Ultimately, it’s the brands ability to interact and iterate with their community in the metaverse that makes entering it such a vital tool and experience for their future success. By being able to get real feedback from real people who are passionate about a specific brand you eliminate a lot of the traditional marketing guesswork.
“What used to happen was all top down,” Hochberg said. “A bunch of people would sit at the top and go, ‘What do we think these people want?’ and conduct a bunch of research. What’s exciting about what VBG is doing in the creator economy is that you’ll start to see a purely [user-generated content], bottom up approach from the community through our entire system.”
That’s a secret to UGC, he said, “allowing people to show off what they create, and creating a marketplace where the rest of the community can—on their own—judge and decide for themselves what the trends are.”
Another example of how VBG is helping bridge the gap between the digital and the physical realms is its client the TV show The Voice that’s shown in one-hundred and eighty countries.
“We really have a devoted group of loyal consumers — who, in the era of declining TV — still tune in every week,” Hochberg said. “Last November, we launched The Voice in Decentraland’s Metaverse Music Festival. The festival had over one-hundred and seventy [musicians] — from Ozzy Ozbourne to Björk — and we were the only TV show in it.”
VBG allowed Decentraland users to meet the coach avatars of Blake Shelton, Gwen Stefani, John Legend and Camilla Cabello and to take a selfie in the big red chair. They could also apply to be on the show, he said. “It was the first time NBC had ever done a metaverse activation and it was wildly successful,” he said. “I’m not ready to announce anything, but when something is that successful, it typically leads to something next.”
That “something next” could be anyone’s guess, but VBG’s presence in the metaverse is helping brands present themselves in a different light, apart from how they’ve come to be known in the real world by creating a new virtual identity.

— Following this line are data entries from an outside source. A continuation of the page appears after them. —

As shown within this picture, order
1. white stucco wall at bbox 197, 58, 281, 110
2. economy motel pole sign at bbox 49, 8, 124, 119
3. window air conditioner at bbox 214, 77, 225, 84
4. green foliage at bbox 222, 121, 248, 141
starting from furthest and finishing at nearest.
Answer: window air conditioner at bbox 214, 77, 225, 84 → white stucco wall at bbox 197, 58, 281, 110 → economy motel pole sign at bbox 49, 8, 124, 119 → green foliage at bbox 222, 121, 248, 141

“One of the things VBG has become known for is its ability to redefine the way a brand thinks of itself,” Hochberg said. “Take Forever 21. There was an article written last December, which was our 12 month anniversary [in the metaverse], and it said Forever 21 was one of the top 10 fashion brands in the metaverse. Not bad for twelve months of work, but here’s what’s important. The other brands were the likes of Balenciaga, Prada, Gucci, Polo, Nike, Adidas. In the physical world, Forever 21 – -despite all of its success — is never in the ultra luxury box with Balenciaga and is never in the hyper-marketing performance box with Nike.”
He continues, “through our efforts in eleven and a half months, we were able to create a persona for Forever 21 in the metaverse. That’s not to say it’s better or worse than their physical world persona, but in the metaverse under VBG, brands have the opportunity to be whoever they want to be in whatever category they want to be. We can help push them into adjacent or far away spaces that embody a brand’s specific DNA. When it costs the same amount of time and money to make a racecar as it does a t-shirt in the metaverse, you can be anything you want.”
The ability to “be anything you want” as a brand enables companies to take more chances, and allows people to start thinking about your brand in a different way. “The metaverse is basically the best new-product development system that’s ever been invented,” Hochberg said.